В русской эстетике начала XIX века метафизическая идея бессмертия, соотносимая с пророческим даром поэта, становилась основой для целостного постижения универсума, в котором имманентное и трансцендентное стремятся к единству. Романтические принципы самовыражения души, модель восхождения к абсолюту закономерно приводили к прояснению религиозного смысла бытия. В работе Ф. В. Шеллинга «Об отношении реального и идеального в природе», повлиявшей на развитие европейского романтизма в целом и любомудров в частности, высказывается мысль о «вечном единстве бесконечного и конечного»[719]. Для Шеллинга явление материального, ограниченного мира выражает на субстанциональном уровне «внутренние движущие силы универсума»[720]. Именно «сила творения» воплощает «вечное понятие» в живой организм, наполняет его метафизическим смыслом. Искусство в понимании романтиков помогает прозреть в явлении сущее, абсолютный идеал.

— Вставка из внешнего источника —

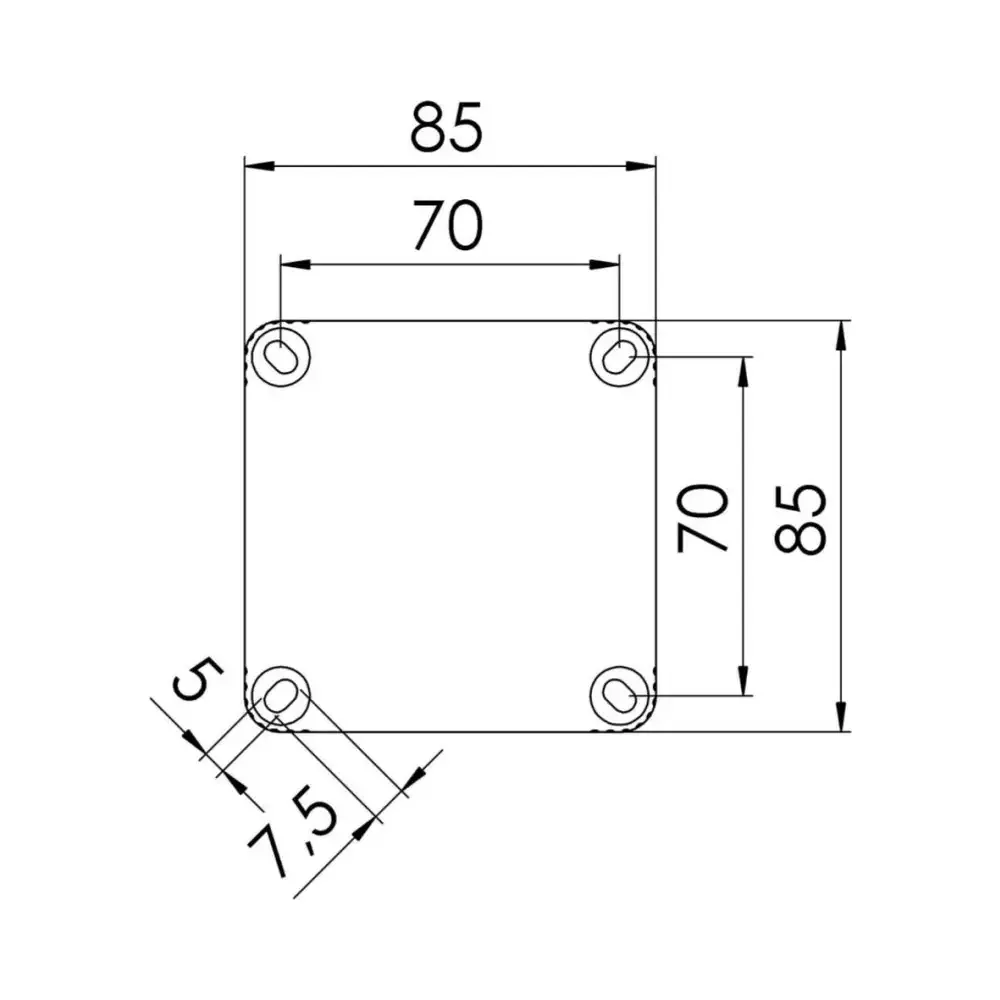 Wiska | COMBI 308/5 BK | Junction Box | Black | 85x85x51mm | 4mm² Terminal Block 4 Wiska COMBI 308/5 BK (Black)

Уже в ранней лирике Хомякова акцентирована гносеологическая идея целостного и отстраненного познания ограниченного земного мира человеческим сознанием благодаря постижению им собственной бессмертной сущности:

И на печали, на желанья

Глядишь, как юный серафим…

(«В альбом сестре», 1826)[721]

В этом послании осознание бессмертия создает грусть, которая в понимании русских романтиков, например В. А. Жуковского, выражает сущность христианского миросозерцания[722], позволяет испытать целостное переживание в единстве молитвы, чувства и мысли. Духовный мир человека по своей глубине и непостижимости сопоставляется с макрокосмом. Образной доминантой, соотнесенной с бессмертием, выступает звездное небо, которое в лирике Хомякова связано с идеей величия Творца:

И хоры звезд, как празднество ночное,

Свои пути свершают над землей.

(«Видение», 1840).[723]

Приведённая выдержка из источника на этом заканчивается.